Problem to work on. As an exercise, transcribe the data below in full and exactly, omitting pictures.

Supplied information.
BEGIN

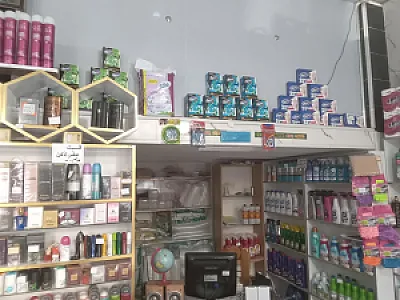 شوینده و بهداشتی صادقیان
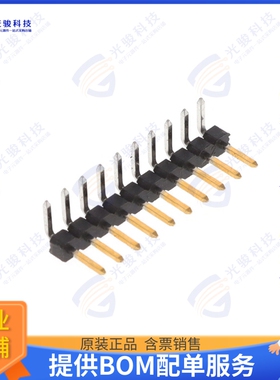 1-2842115-0 连接器10P,2MM,BRK HDR,SRRT,2.8,0.38AU,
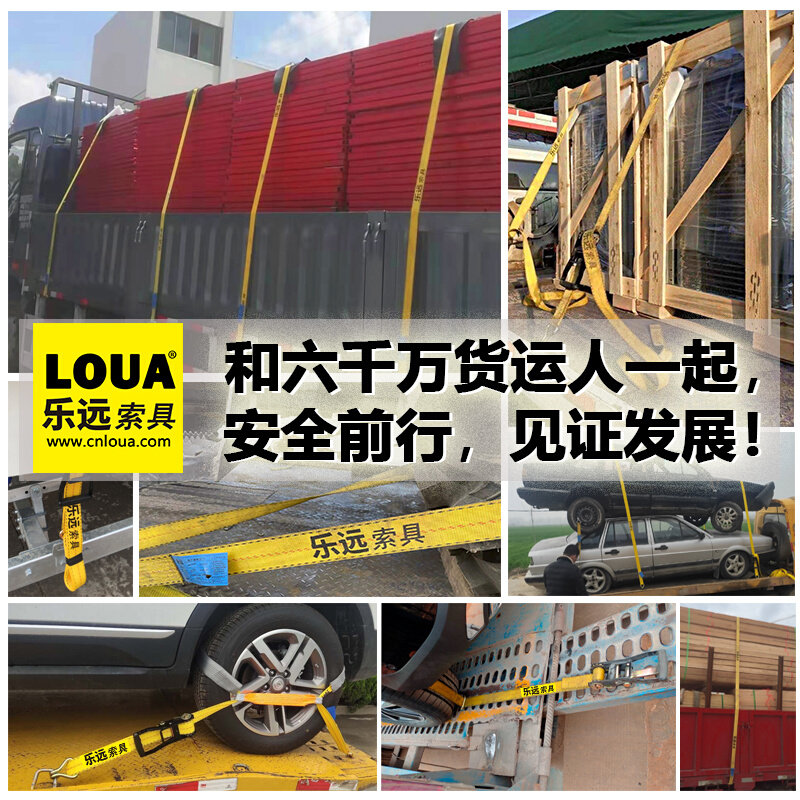 乐远5吨加厚耐磨货车绑带紧绳器收紧器扁带刹车绳捆车货物紧固带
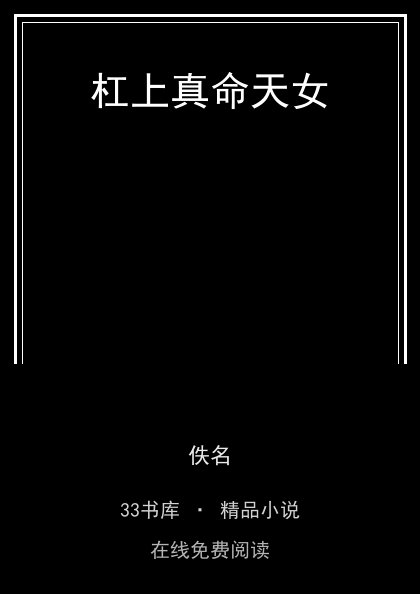 杠上真命天女 封面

END

Exercise answer.
 شوینده و بهداشتی صادقیان
 1-2842115-0 连接器10P,2MM,BRK HDR,SRRT,2.8,0.38AU,
 乐远5吨加厚耐磨货车绑带紧绳器收紧器扁带刹车绳捆车货物紧固带
 杠上真命天女 封面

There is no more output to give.